3. Component Merging: To ensure the simulation solver understands the physics, the base, cam, and drive pin are modeled or combined as a single rigid drive unit, ensuring the pin orbits the center axis perfectly.
4. Attach to this step: Screenshots of your Fusion 360 workspace showing the pocketed star wheel, and a close-up of the 1.0 mm fillet at the pin root.

Detailed Description: To prove this mechanism won't fail after a few hours of operation, I moved from the Design workspace into Fusion 360’s Simulation workspace using a Dynamic Event Simulation.

1. Material Assignment: While ABS plastic is great for a desk toy, industrial applications require steel. I assigned AISI 1018 Steel (209 QT) to the components. The Quenched and Tempered properties simulate a case-hardened state, which is necessary to resist the surface wear of the sliding pin.
2. Boundary Conditions: I applied Pinned Constraints to the center axes of both the drive unit and the star wheel, allowing tangential rotation but locking them radially and axially.
3. The Load: I applied an initial Angular Velocity of 10.47 rad/s (100 RPM) to the drive unit to replicate the operational speed of a standard 12V DC gear motor.
4. Attach to this step: A screenshot of your simulation setup showing the loads and constraints (the arrows and lock icons on the model).

Detailed Description: Solving a dynamic simulation takes serious computing power, but the results dictate whether the design is feasible for the real world.

1. The "Heartbeat" Plot: Looking at the Transient Results Plot for Von Mises Stress, we can see the exact moment of peak impact (Step 19 of the solver).

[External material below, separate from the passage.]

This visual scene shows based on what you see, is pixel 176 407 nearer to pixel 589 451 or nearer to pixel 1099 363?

At this millisecond of maximum acceleration, the peak stress hits 3.78 MPa.
2. Factor of Safety (FoS): The Yield Strength of AISI 1018 209 QT is roughly 370 MPa. With a maximum load of only 3.78 MPa, the Factor of Safety is >15.
3. Fatigue Life: For steel, the endurance limit is usually about 50% of its ultimate tensile strength. Because 3.78 MPa is drastically below this limit, the FEA confirms this optimized design has Infinite Fatigue Life. It will structurally never break under these specific 100 RPM conditions.
4. Attach to this step: Your Transient Results Plot (the graph showing the 3.78 MPa spike) and the color-mapped stress visual of the star wheel.